La monnaie chinoise accélère son internationalisation

Il s’échange chaque jour dans le monde l’équivalent de 400 millions de dollars en yuans.

C’est la nouvelle coqueluche des marchés. Le yuan s’arrache dans le monde. Après avoir lancé, au cours de l’été dernier, un programme visant à permettre aux entreprises chinoises d’exporter et d’importer en yuans, Pékin, qui a également autorisé les banques étrangères à investir sur son marché obligataire, affichait fin 2009 un maigre bilan: seulement 527 millions de dollars d’opérations commerciales avaient été libellés en monnaie locale au bout de six mois.

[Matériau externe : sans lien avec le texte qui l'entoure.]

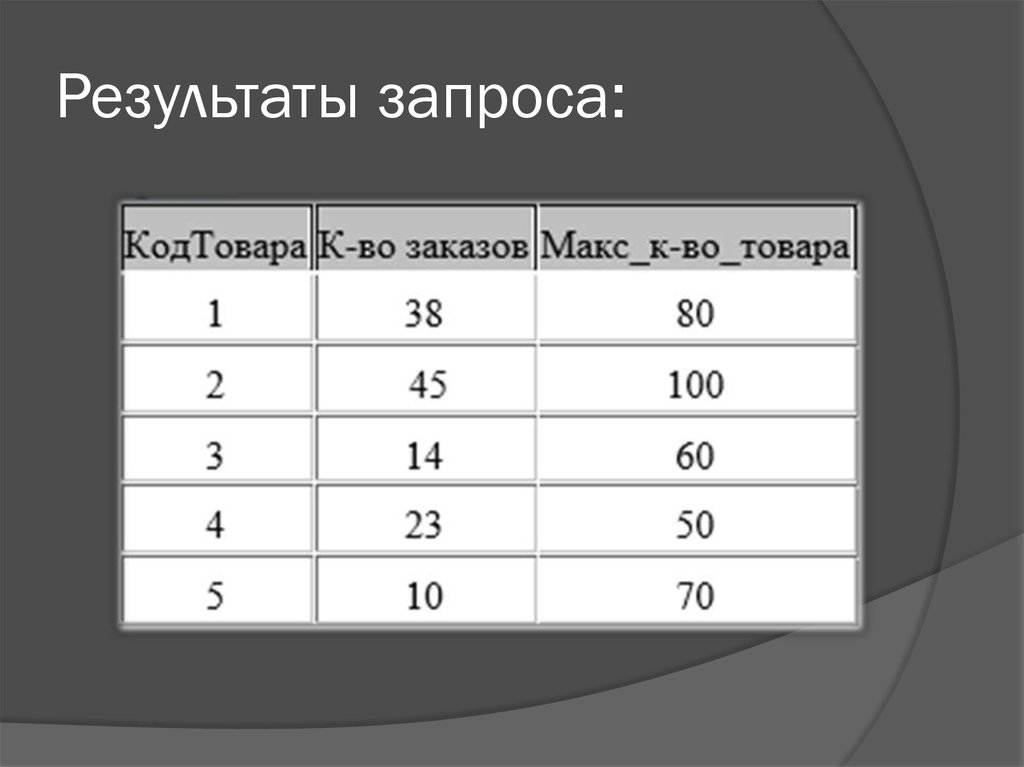 Результаты запроса:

Mais, depuis, l’attrait pour le yuan, qui reste sous l’étroit contrôle du gouvernement, a littéralement explosé. Au premier semestre, le volume du commerce extérieur chinois effectué dans cette monnaie a atteint 10,3 milliards de dollars. Chaque jour, 400 millions de dollars sont échangés en yuans sur les 4000 milliards de dollars de transactions quotidiennes enregistrées dans le monde. En 2015, les échanges dans cette monnaie pourraient atteindre 3000 milliards de dollars par an, selon la Banque de la construction chinoise.

«C’est un changement majeur dans le paysage de la finance internationale», prédit Norman Chan, patron de la Banque centrale de Hongkong. McDonald’s et Caterpillar ont été les premières entreprises étrangères non financières à émettre des obligations en yuans, marquant selon Standard Chartered «le début d’une nouvelle source de financement pour les groupes internationaux qui veulent lever des capitaux pour leurs opérations en Chine».

Payer les matières premières
Mercredi matin, le yuan sera, pour la première fois de son histoire, échangeable sur le marché des changes à Moscou. Un juste retour des choses puisque le rouble l’avait été sur le marché chinois fin novembre. L’opération n’est pas innocente. La Chine, qui cherche des matières premières partout dans le monde, va pouvoir les payer dans sa propre monnaie en même temps qu’elle fournira à la Russie des biens et des services facturés en yuans. Et Pékin compte bien réitérer l’expérience en Afrique, en Amérique latine et dans tous les pays riches en pétrole et en gaz.

En internationalisant progressivement leur monnaie, les Chinois stimulent les échanges avec les pays qui les intéressent le plus et cherchent à attirer des investisseurs sur leur marché obligataire. Selon certains analystes, entre 20% et 30% de leurs importations (130,4 milliards de dollars en novembre) pourraient être réalisées en yuans dans les prochaines années.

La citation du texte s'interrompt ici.